The Arctic is warming twice as fast as the rest of the planet. Warmer temperatures at northern latitudes have led to increased sea ice recession, decreased snow and ice cover on land, and increased areas of frozen ground beginning to thaw which is expected to have dramatic impacts on energy development, national security, social and environmental sustainability, and global ecosystem functioning.
Arctic soils contain over twice as much carbon as what can be found in the atmosphere. This is because of environmental conditions (short summers and long, cold, dark winters) that have slowed the decomposition of dead plants and animals--soil organic matter.
As the ground continues to thaw due to warming, this carbon-rich organic matter will suddenly become available to soil microbial communities for decomposition. The process of breaking down this previously frozen material could irreversibly release massive amounts of carbon dioxide and methane, two of the most potent greenhouse gases contributing to global warming, into the atmosphere thereby creating an irreversible positive feedback loop. This is one reason why the Arctic is often referred to as a “tipping point."

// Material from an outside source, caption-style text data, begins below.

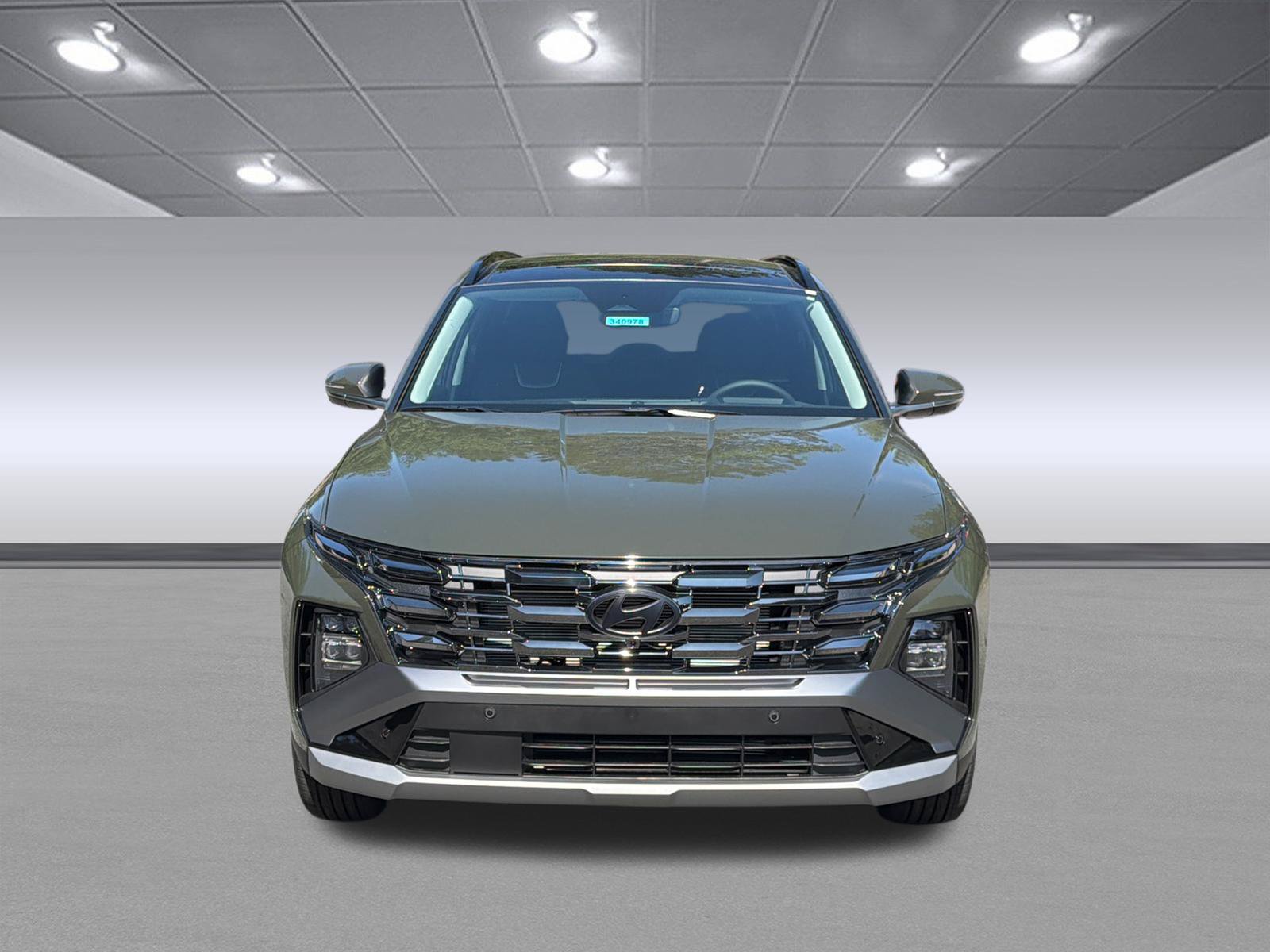 New 2026 Hyundai Tucson Limited FWD image 2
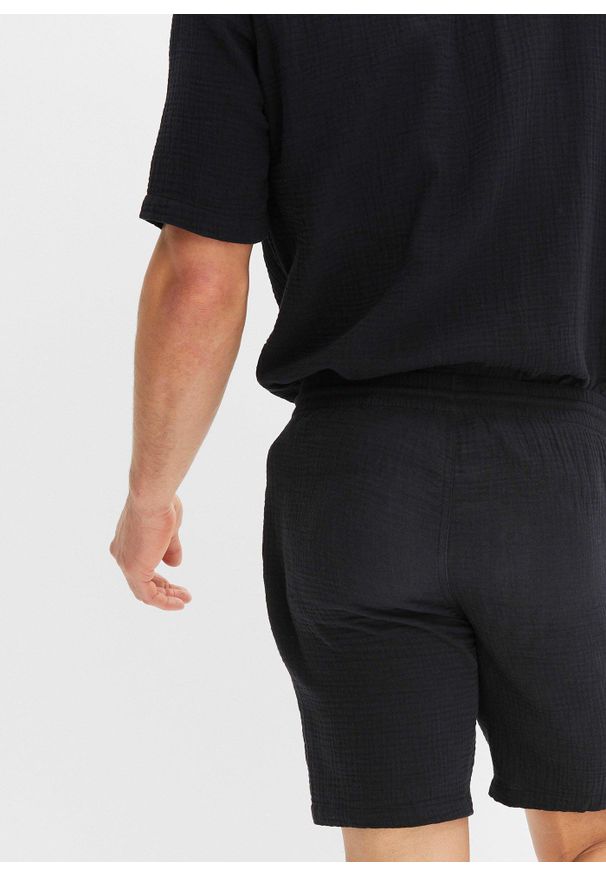 bonprix - Długie szorty muślinowe, Regular Fit. Kolor: czarny. Długość: długie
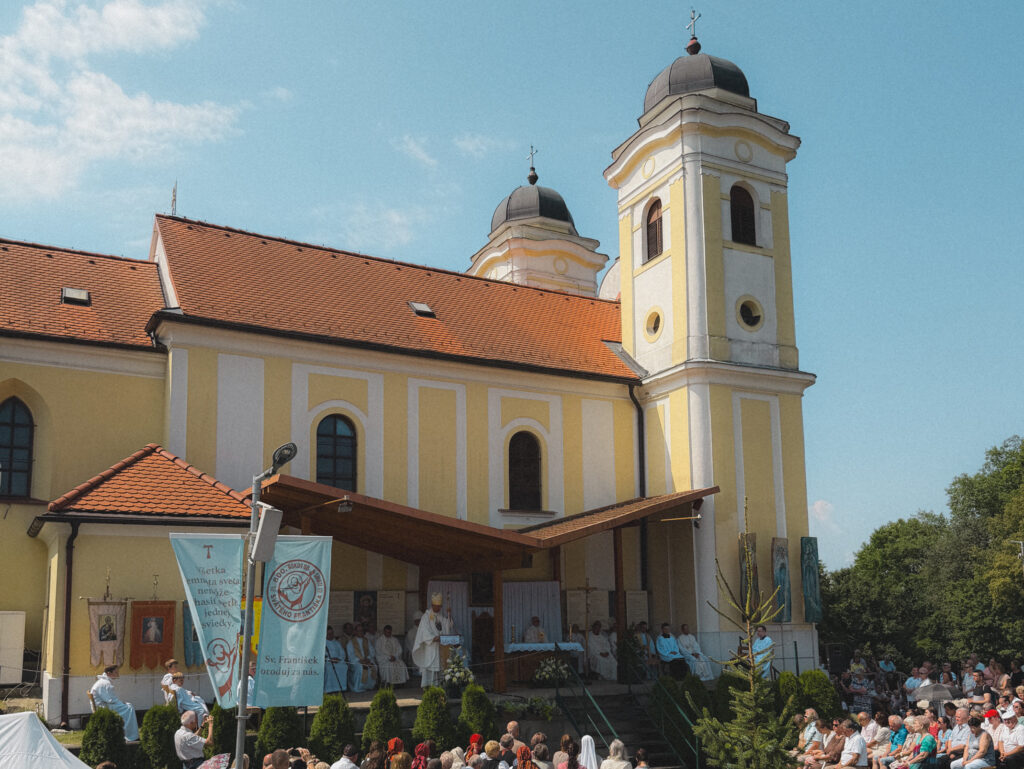 Homília Mons. Františka Trstenského na hlavnej púti na Skalke pri Trenčíne Homília Mons. Františka Trstenského na hlavnej púti na Skalke pri Trenčíne
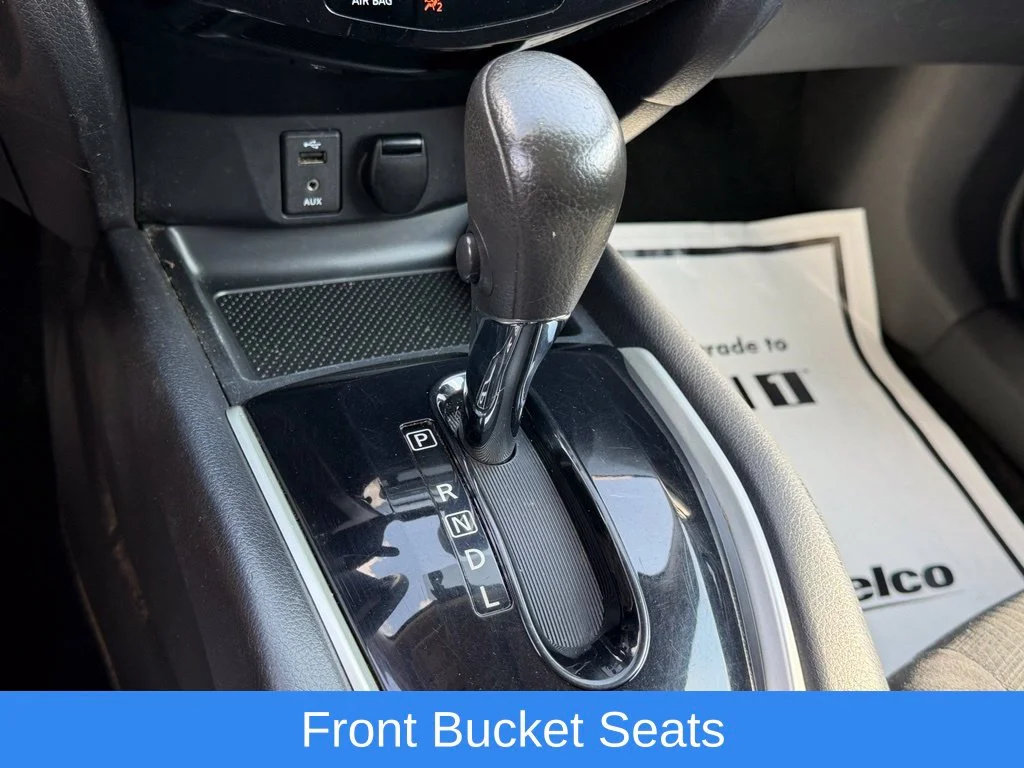 Used 2014 Blue Nissan S image 11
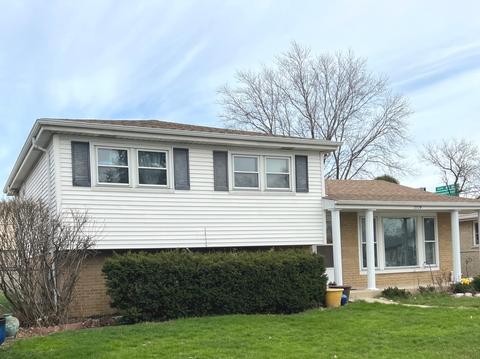 2729 Rusty Dr, Des Plaines, IL 60018 photo 2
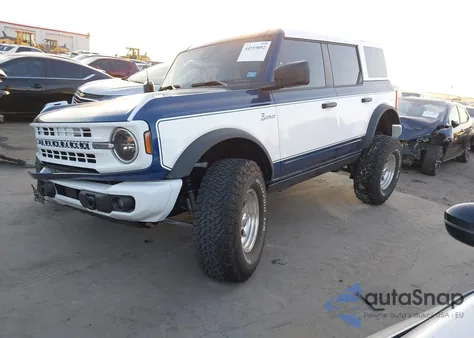 2024 Ford Bronco Black Diamond z USA, uszkodzony, nr VIN 1FMEE1BP4RLA75606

However, thawing organic matter may also release important nutrients--mainly nitrogen--into the soil which could promote plant growth and productivity, or carbon intake via increased photosynthesis rates. This would create a negative feedback to the effects of warming, and could help maintain these soils as a 'sink' for atmospheric carbon.
Figuring out which of these processes is more likely to occur, and understanding what controls these processes, is important to ecosystem and global scale models that predict how our climate is going to change in the future. With more detailed data, and therefore more reliable models, scientists can then work with policy makers to make more informed decisions about our energy and environmental future both in the Arctic and around the world.
Where and how does chemistry fit in to all this?
Since nitrogen is limited in these systems, as the organic matter thaws and warms, it's thought that both plant and microbial communities will compete for the organic nitrogen that is released. We still don't understand what controls this competition and how it may impact the larger ecosystem.
How much organic nitrogen can be found in these systems? What forms of organic nitrogen are available to either the plant or microbial communities? Do certain plants, or microbes, prefer certain forms of organic nitrogen over others? How does the chemical composition, plant uptake, or microbial decomposition of this 'pool' change over time, or under warming conditions?
My research uses a combination of high-throughput, highly selective and sensitive techniques to measure organic nitrogen availability in these systems. The goal of my dissertation work is to develop a robust, high-performance mass spectrometry workflow that will characterize and monitor how the pool of soil organic nitrogen varies across the landscape, with soil depth, and under different warming conditions. This data will then be used to help improve the predictive capabilities of ecosystem and climate models developed by the NGEE-Arctic modeling team.